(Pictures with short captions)
[Start of section]
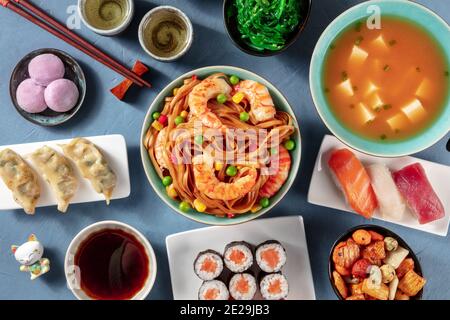 Japanische Küche. Sushi, udon, Miso-Suppe, Tee, Mochi usw., von oben auf blauem Hintergrund aufgenommen Stockfoto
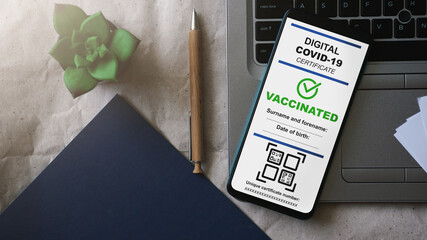 Valid digital COVID certificate on mobile device for verification. Green pass certificate for coronavirus vaccinations. Passport app in mobile phone. Coronavirus QR code scanning application.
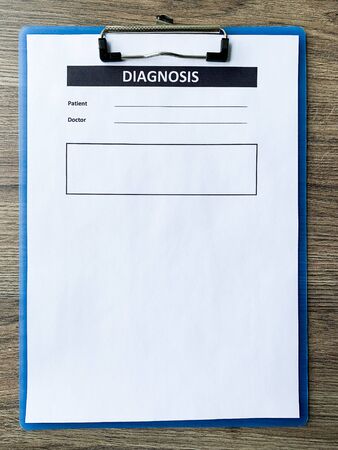 Diagnosis form with the patients data on the doctors desk.の写真素材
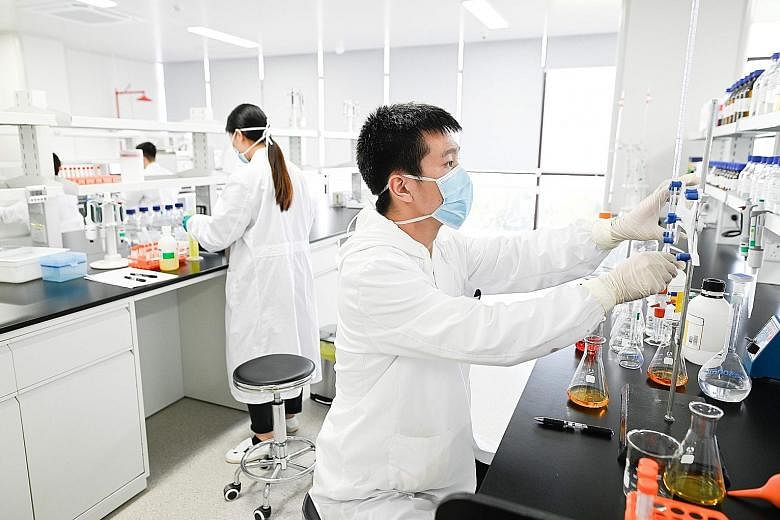 Lab workers at a new Sinovac factory in Beijing built to produce a Covid-19 vaccine. Sinovac is one of 11 Chinese companies approved to carry out clinical trials of potential vaccines for the coronavirus. PHOTO: AGENCE FRANCE-PRESSE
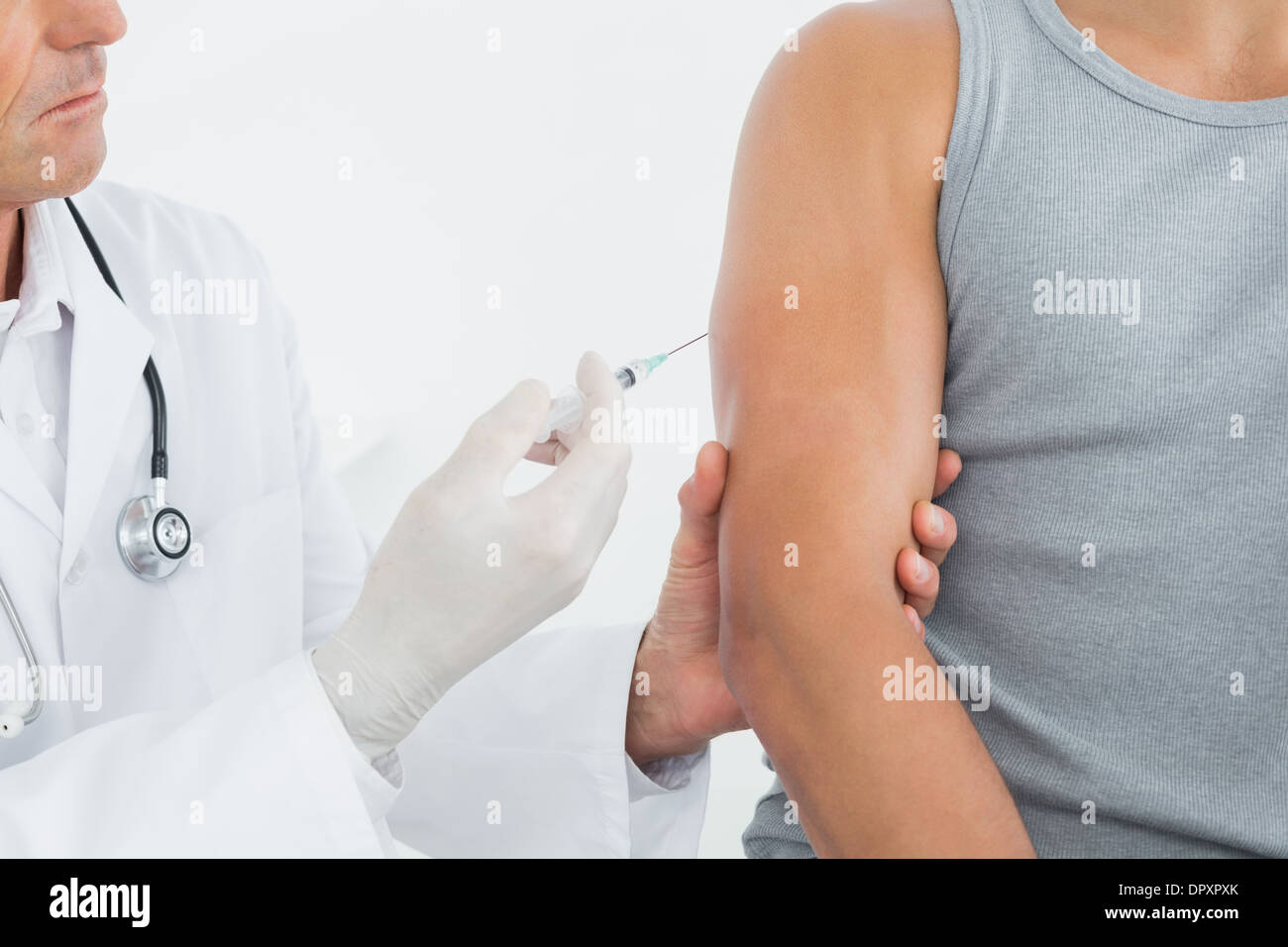 Doctor injecting patients arm hi-res stock photography and images - Alamy
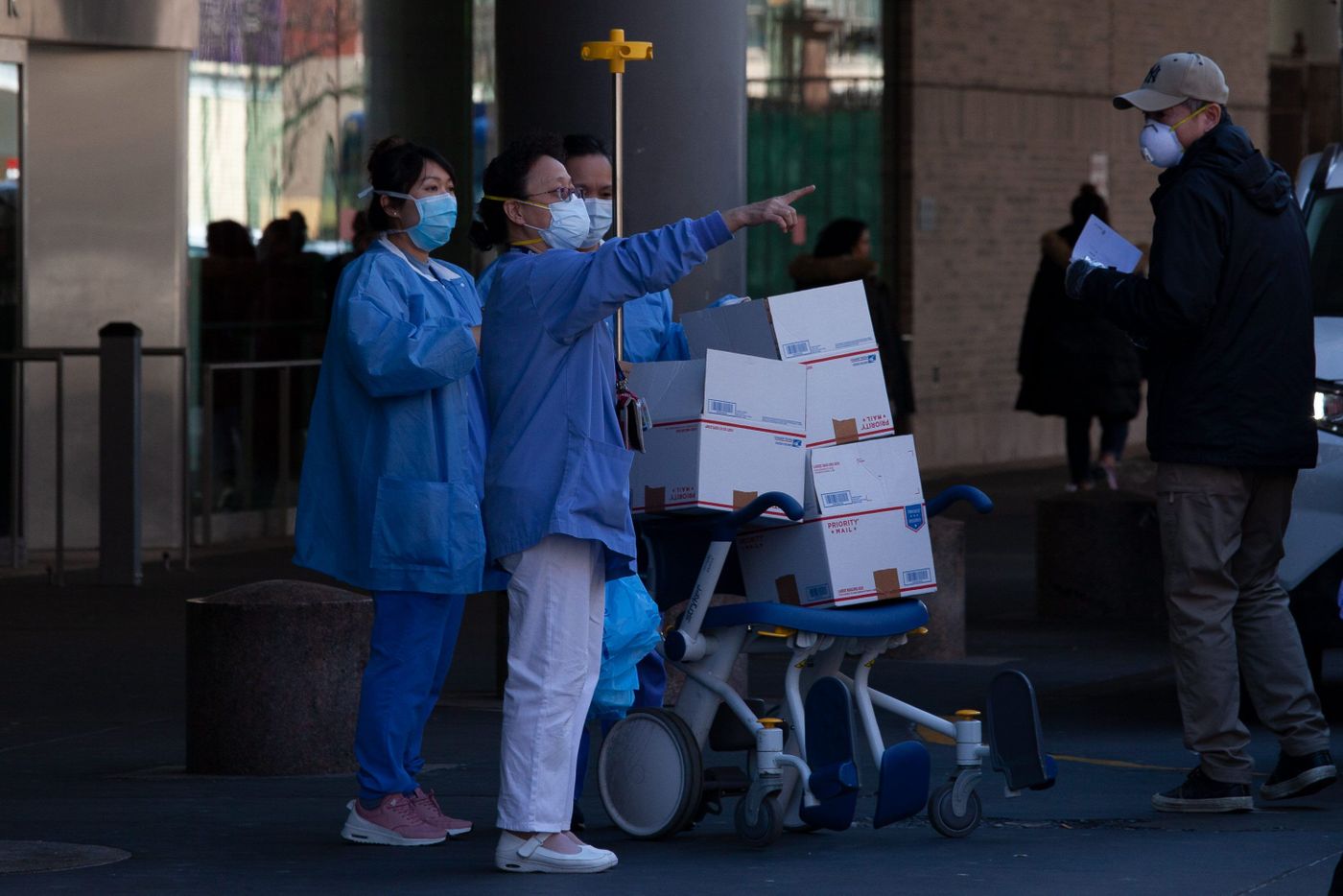 Bellevue Hospital workers accept several packages during the coronavirus outbreak, March 26, 2020.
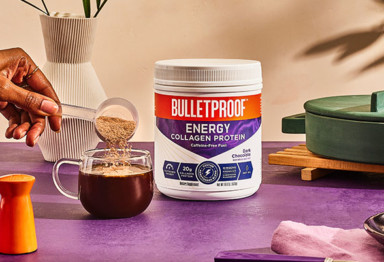 Hand scooping Bulletproof Energy Collagen Protein into coffee mug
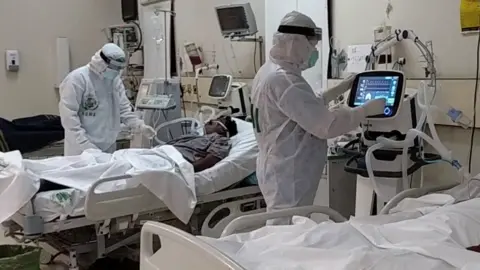JPMC Two doctors work on patients in intensive care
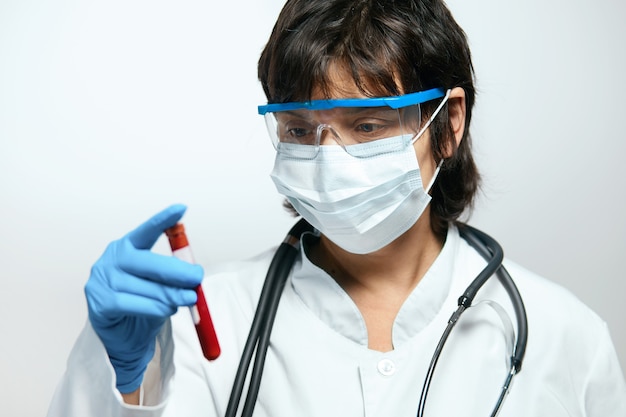 Médico científico sosteniendo un tubo de ensayo con sangre para analizar el coronavirus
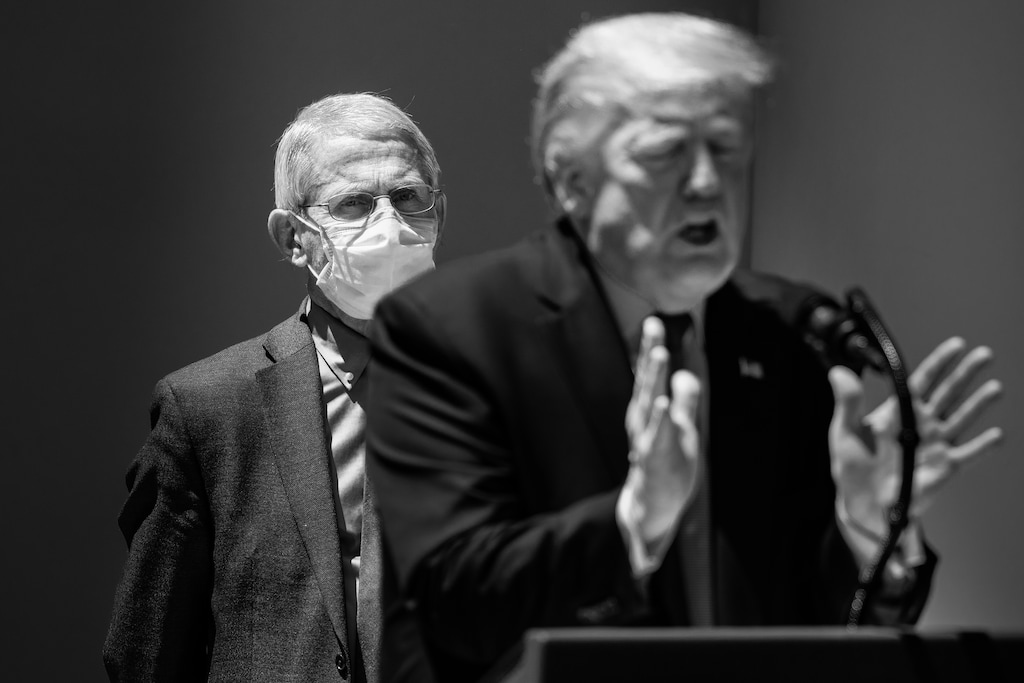 (Samuel Corum | The New York Times)
Dr. Anthony Fauci, the nation’s leading infectious disease specialist, looks on as President Donald Trump speaks to reporters at the White House on May 15, 2020. "The vaccine debate is the latest example of how our coronavirus choices are inescapably political," writes New York Times opinion columnist Ross Douthat.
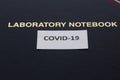 Laboratory Notebook for research data on coronavirus Royalty Free Stock Photo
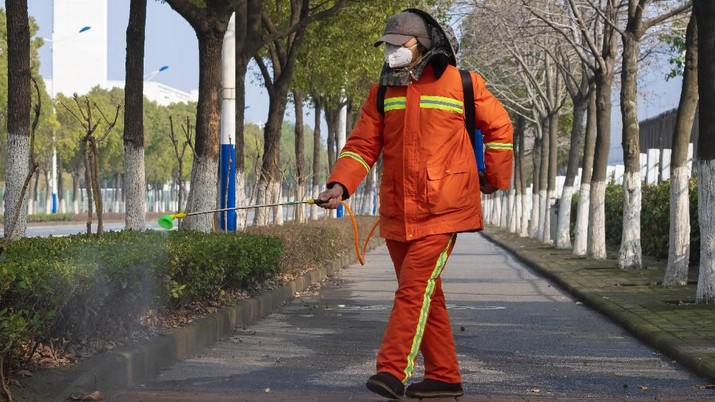 FILE - In this Jan. 28, 2020, file photo, a worker wearing a face mask sprays disinfectant along a path in Wuhan in central China's Hubei Province. Halting the spread of a new virus that has killed hundreds in China is difficult in part because important details about the illness and how it spreads are still unknown. (AP Photo/Arek Rataj, File)
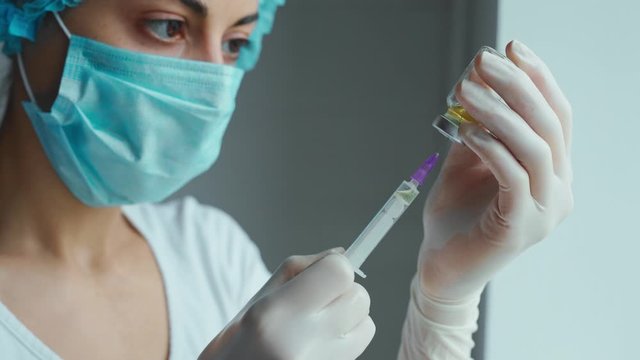 Close-up woman doctor hands in gloves holding syringe and vaccine. Prevention, immunization and treatment from corona virus, flue, infection. concept of vaccination, injection, medicine.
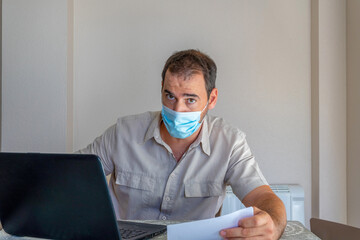 Fototapeta na wymiar Bearded man dressed in beige shirt and wearing a mask to protect himself from coronavirus looking at bills on computer worried in his living room at home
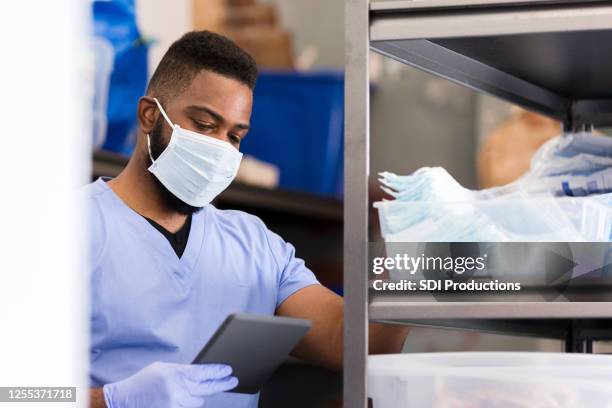 enfermera masculina revisando suministros en el almacén - material médico fotografías e imágenes de stock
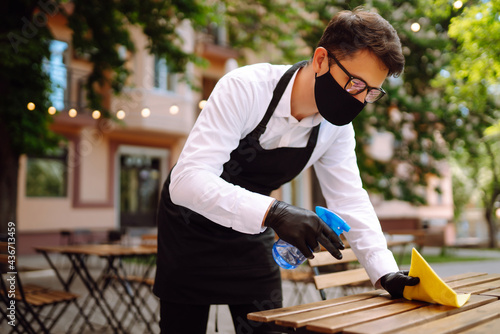 Waiter in protective face mask and gloves disinfecting tables at outdoor cafe due to coronavirus epidemic. COVID-19.
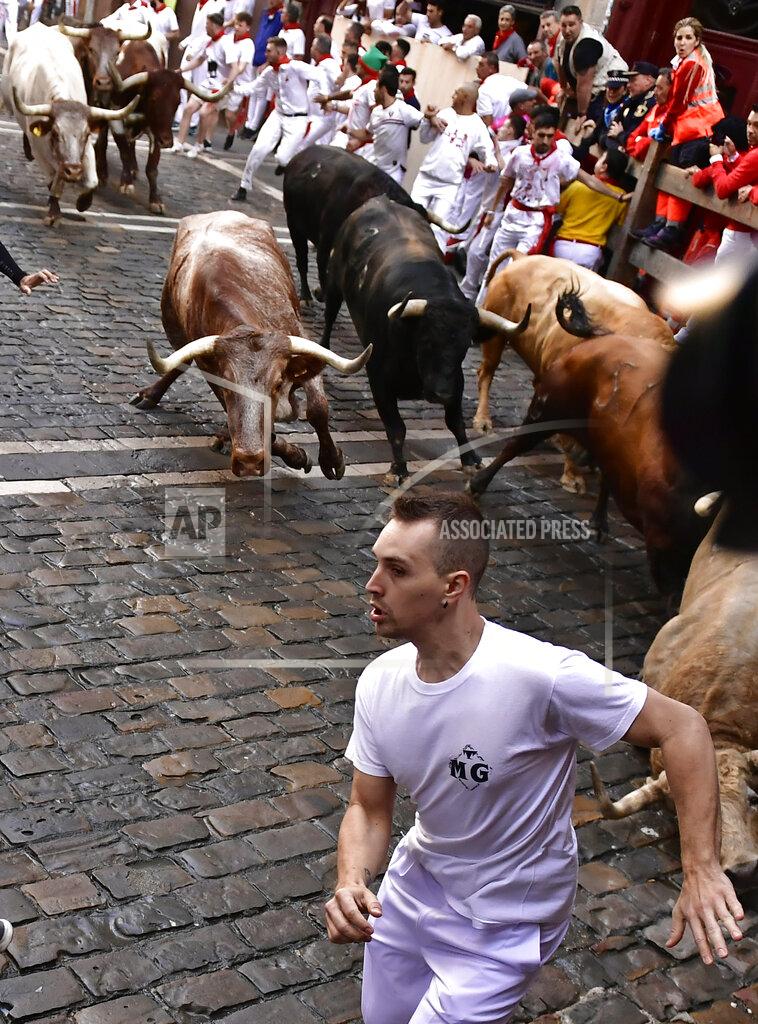 Alvaro Barrientos People run through the streets with fighting bulls and steers during the first day of the running of the bulls at the San Fermin Festival in Pamplona, northern Spain, Thursday, July 7, 2022. Revelers from around the world flock to Pamplona every year for nine days of uninterrupted partying in Pamplona's famed running of the bulls festival which was suspended for the past two years because of the coronavirus pandemic. (AP Photo/Alvaro Barrientos)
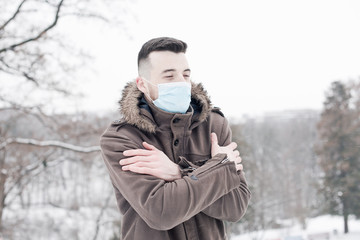 Fototapeta na wymiar Young man wearing face mask, protection from virus infection in winter time, feeling bad and cold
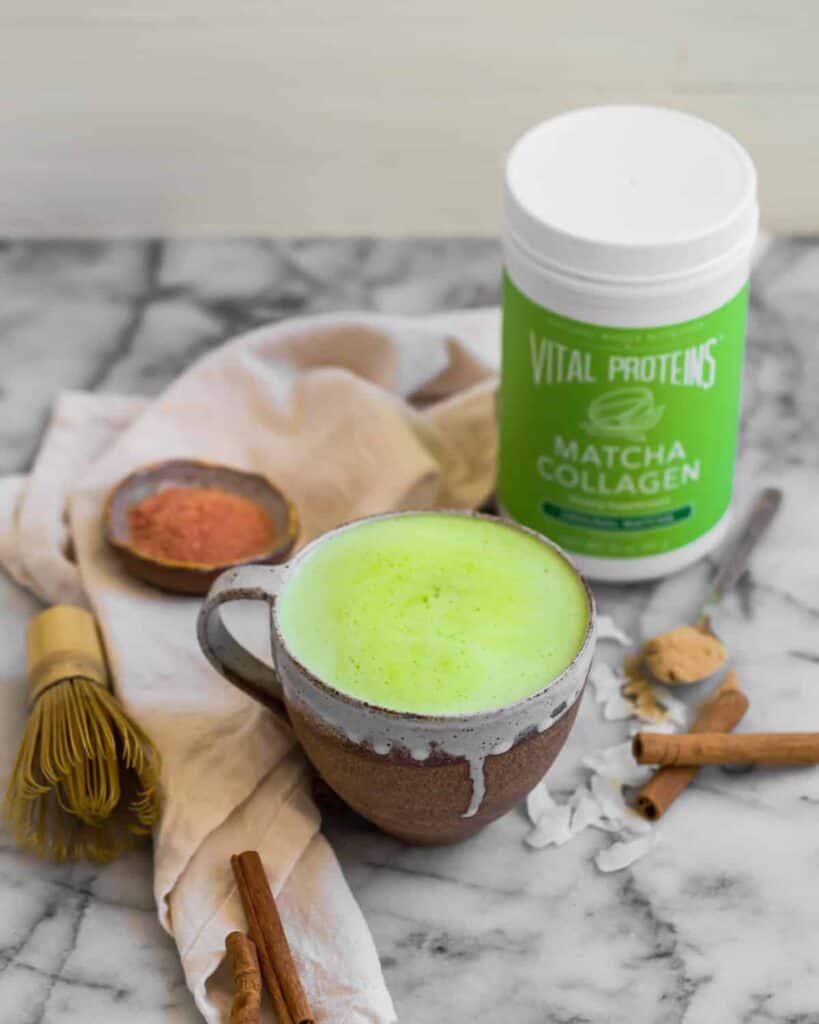 Motcha drink overflowing in a cup with vital proteins match collagen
[End of section]
**WHAT TO DO**: Write out every entry above exactly as it stands, minus the pictures.

**OUTPUT**:
 Japanische Küche. Sushi, udon, Miso-Suppe, Tee, Mochi usw., von oben auf blauem Hintergrund aufgenommen Stockfoto
 Valid digital COVID certificate on mobile device for verification. Green pass certificate for coronavirus vaccinations. Passport app in mobile phone. Coronavirus QR code scanning application.
 Diagnosis form with the patients data on the doctors desk.の写真素材
 Lab workers at a new Sinovac factory in Beijing built to produce a Covid-19 vaccine. Sinovac is one of 11 Chinese companies approved to carry out clinical trials of potential vaccines for the coronavirus. PHOTO: AGENCE FRANCE-PRESSE
 Doctor injecting patients arm hi-res stock photography and images - Alamy
 Bellevue Hospital workers accept several packages during the coronavirus outbreak, March 26, 2020.
 Hand scooping Bulletproof Energy Collagen Protein into coffee mug
JPMC Two doctors work on patients in intensive care
 Médico científico sosteniendo un tubo de ensayo con sangre para analizar el coronavirus
 (Samuel Corum | The New York Times)
Dr. Anthony Fauci, the nation’s leading infectious disease specialist, looks on as President Donald Trump speaks to reporters at the White House on May 15, 2020. "The vaccine debate is the latest example of how our coronavirus choices are inescapably political," writes New York Times opinion columnist Ross Douthat.
 Laboratory Notebook for research data on coronavirus Royalty Free Stock Photo
 FILE - In this Jan. 28, 2020, file photo, a worker wearing a face mask sprays disinfectant along a path in Wuhan in central China's Hubei Province. Halting the spread of a new virus that has killed hundreds in China is difficult in part because important details about the illness and how it spreads are still unknown. (AP Photo/Arek Rataj, File)
 Close-up woman doctor hands in gloves holding syringe and vaccine. Prevention, immunization and treatment from corona virus, flue, infection. concept of vaccination, injection, medicine.
 Fototapeta na wymiar Bearded man dressed in beige shirt and wearing a mask to protect himself from coronavirus looking at bills on computer worried in his living room at home
 enfermera masculina revisando suministros en el almacén - material médico fotografías e imágenes de stock
 Waiter in protective face mask and gloves disinfecting tables at outdoor cafe due to coronavirus epidemic. COVID-19.
 Alvaro Barrientos People run through the streets with fighting bulls and steers during the first day of the running of the bulls at the San Fermin Festival in Pamplona, northern Spain, Thursday, July 7, 2022. Revelers from around the world flock to Pamplona every year for nine days of uninterrupted partying in Pamplona's famed running of the bulls festival which was suspended for the past two years because of the coronavirus pandemic. (AP Photo/Alvaro Barrientos)
 Fototapeta na wymiar Young man wearing face mask, protection from virus infection in winter time, feeling bad and cold
 Motcha drink overflowing in a cup with vital proteins match collagen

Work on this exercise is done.